What if the distinction between economic migrants (bad) and refugees (good, or at least tolerable) is a false one? What if, in a world in which millions of people are in transit in their attempts to shelter themselves and their families from conflict or poverty, most migrants should be considered brave pioneers, risking their lives in journeys into the unknown?
These are the questions posed by Last Dream (On Earth), the latest work to be presented by the National Theatre of Scotland. Created by stage designer-turned-theatre maker Kai Fischer, the piece draws a fascinating parallel between a modern day journey of migrants leaving North Africa for Europe and the famous mission which made Yuri Gagarin the first human being to travel into outer-space in 1961.
“Personally, I don’t make the distinction between a refugee and a migrant”, explains Fischer, who, in researching for his piece, travelled to the Italian island of Lampedusa and Malta, both destinations for many migrants trying to reach the European mainland.
“It seems almost impossible to define where an economic need stops, and where it becomes a need to survive”, he continues. “In terms of a lot of the people I spoke to, their journeys started out with one purpose, which then turned into another.
“People who came from, say, Eritrea, Ethiopia or Cameroon, initially made it to Libya to work.

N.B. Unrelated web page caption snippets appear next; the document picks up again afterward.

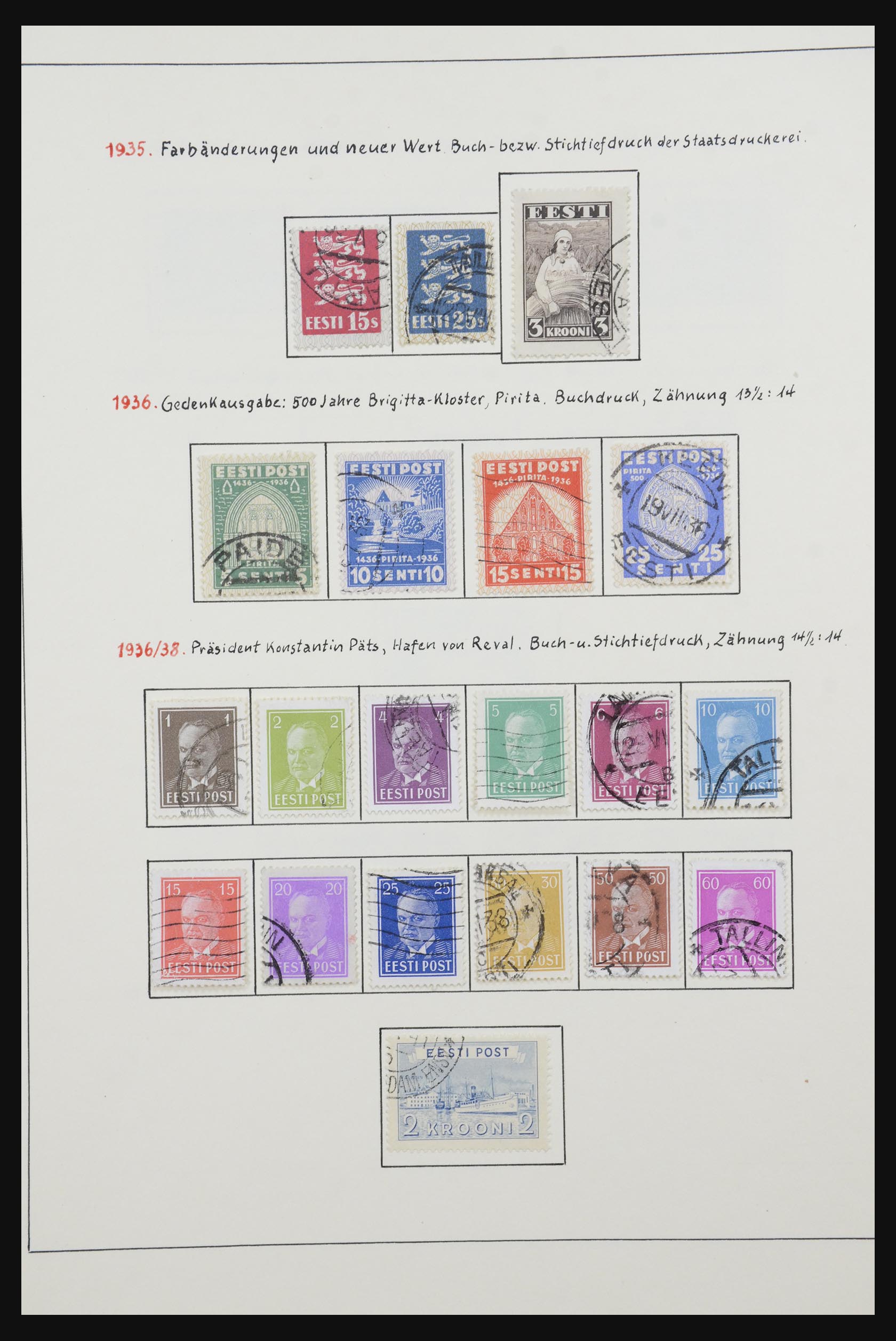 32207 005 - 32207 Estonia and Latvia 1918-1939.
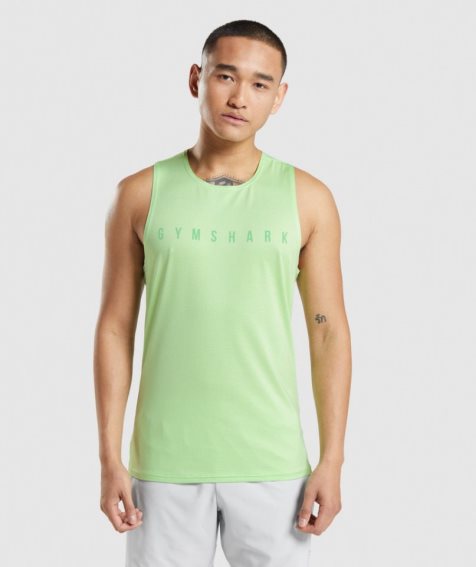 Gymshark Sport Stripe Linnen Herr Mintgröna | SE-76231N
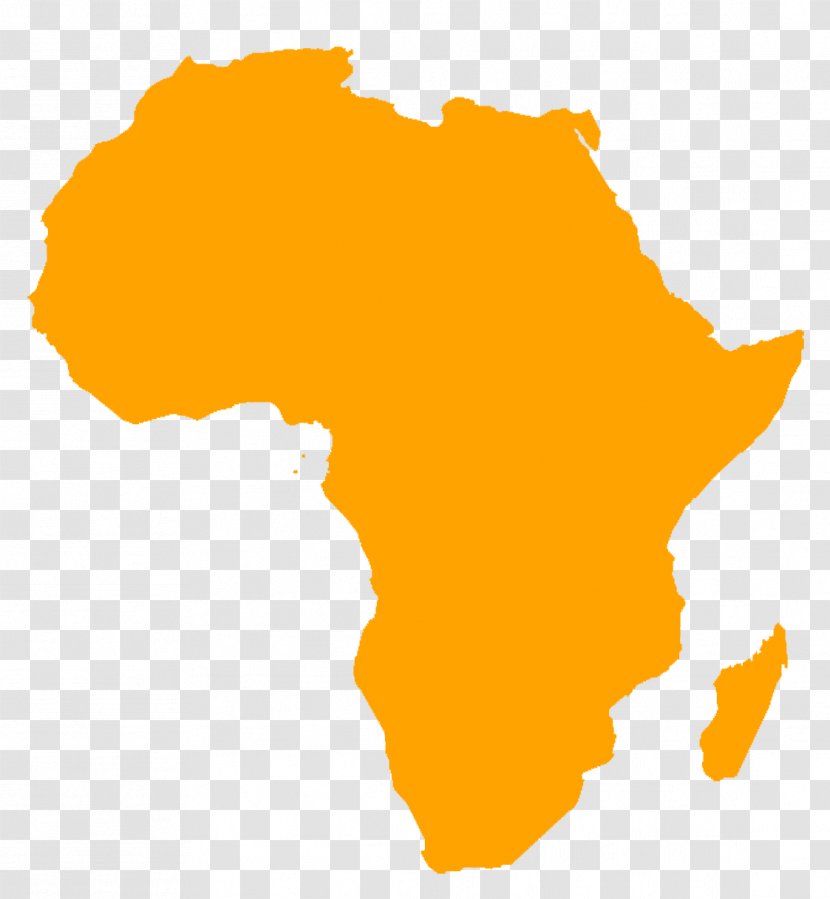 Vector Map Africa Royalty-free - Mapa Polityczna Transparent PNG
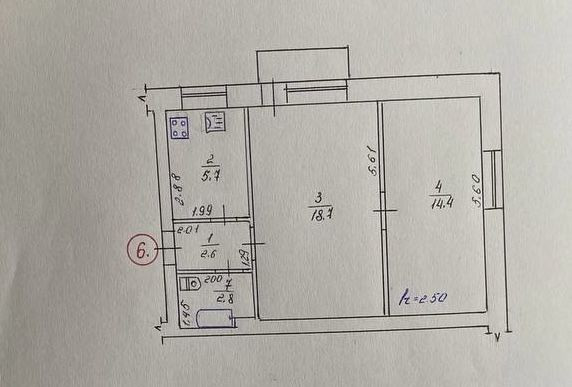2-кімнатна квартира у селищі Велика Багачка Велика Багачка - зображення 1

Then the situation in Libya turned extreme, and they became refugees halfway through their journeys.”
Whether migrants’, often perilous, sometimes, as we see with heartbreaking regularity in the Mediterranean, fatal journeys are motivated by fear of persecution or hunger, or a combination of the two, they have, Fischer suggests something fundamental in common with Gagarin’s great voyage.
“Both journeys are driven by circumstance”, he says. “In the case of migrants, often people travel because other people want them to.
“Sometimes families even decide who will go, choosing the person they think has the best chance of success.
“I think it was the same for Gagarin. It was a mission for a nation. The space race was going on, and he represented the hope of building a society that people could believe in.”
The production, in which audience members will wear headsets, as Gagarin did in his spacecraft, combines audio work, live music and stage performance. Just how it interweaves the experiences of the most famous cosmonaut and the many migrants currently traversing our blighted planet is, says Fischer, ultimately down to the theatregoer.
In engaging with the piece, it is, appropriately enough, the individual audience member who completes the journey.